The CVD Portal provides a dedicated AI Agent Skill to help autonomous agents interact with the platform programmatically. This allows AI assistants to automatically report vulnerabilities, verify compliance, and export advisories on your behalf.
Installing the Skill
If you are using an AI agent that supports the open agent skills ecosystem (like Gemini CLI or Claude), you can install the CVD Portal skill directly via the Skills CLI:
npx skills add cvdportal
How It Works
The skill teaches your AI agent the core concepts of the Cyber Resilience Act (CRA) and provides clear, structured workflows for interacting with the CVD Portal API.
Once activated, your AI agent can understand commands like:
- "Report a cross-site scripting vulnerability to Acme Corp via their CVD Portal."

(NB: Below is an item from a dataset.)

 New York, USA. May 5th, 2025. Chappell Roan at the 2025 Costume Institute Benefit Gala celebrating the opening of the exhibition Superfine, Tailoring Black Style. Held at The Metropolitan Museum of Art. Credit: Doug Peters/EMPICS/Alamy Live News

- "Check my organization's current CRA compliance status on the CVD Portal."
- "Generate a CSAF 2.0 advisory for submission ID CVD-2026-005."
Authentication
To allow your AI agent to interact with your specific workspace, you must provide it with an API Key.
- Generate a new API key from your Workspace Settings -> Developer.
- Provide the key to your agent (usually by exporting an environment variable in the terminal where the agent is running).
- The skill instructs the agent to automatically attach this key as a Bearer Token when making requests to the
https://cvdportal.com/api/v1/...endpoints.
Security & Privacy
The CVD Portal Agent Skill is designed with security in mind:
- No Hardcoded Credentials: The skill explicitly instructs agents never to hardcode or log raw API keys.
- PII Protection: Agents are directed to mask or omit personally identifiable information (PII), such as researcher emails or IP addresses, when summarizing audit logs or vulnerability lists in plaintext chat interfaces.
- Scope Restriction: The skill only grants the agent knowledge of how to use the specific API endpoints required for vulnerability disclosure and compliance auditing.